[Scraped caption text data]
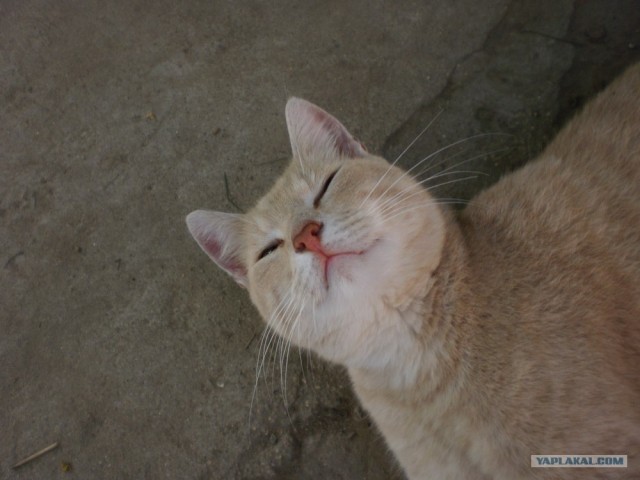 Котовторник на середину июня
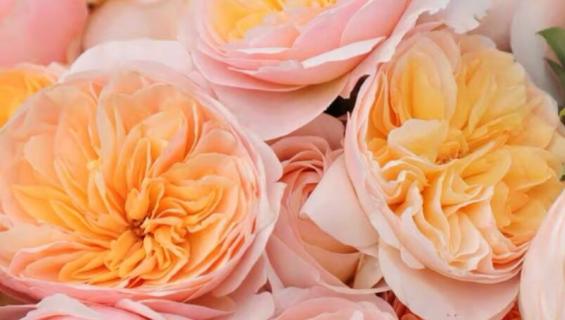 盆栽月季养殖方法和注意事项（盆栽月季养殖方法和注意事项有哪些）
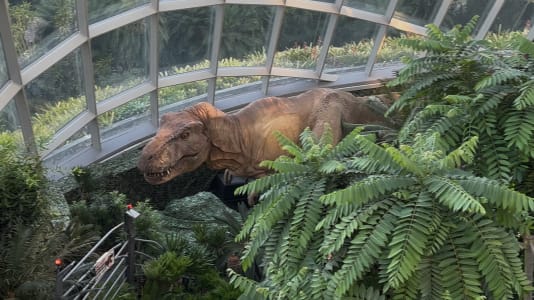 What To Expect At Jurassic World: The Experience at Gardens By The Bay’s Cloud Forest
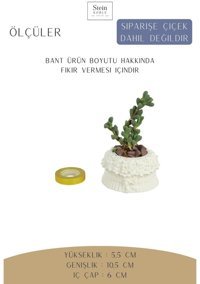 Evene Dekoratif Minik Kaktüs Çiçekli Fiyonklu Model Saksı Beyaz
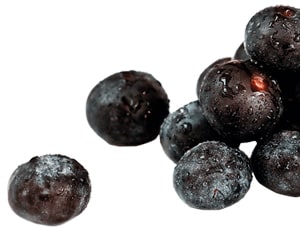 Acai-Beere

■ **WORK REQUIRED**:
Your answer should consist solely of the lines from the one with "盆栽月季养殖方法和注意事项（盆栽月季养殖方法和注意事项有哪些）" through the last line of the entries, restated word for word, with the pictures omitted.

■ **ANSWER TO THE EXERCISE**:
 盆栽月季养殖方法和注意事项（盆栽月季养殖方法和注意事项有哪些）
 What To Expect At Jurassic World: The Experience at Gardens By The Bay’s Cloud Forest
 Evene Dekoratif Minik Kaktüs Çiçekli Fiyonklu Model Saksı Beyaz
 Acai-Beere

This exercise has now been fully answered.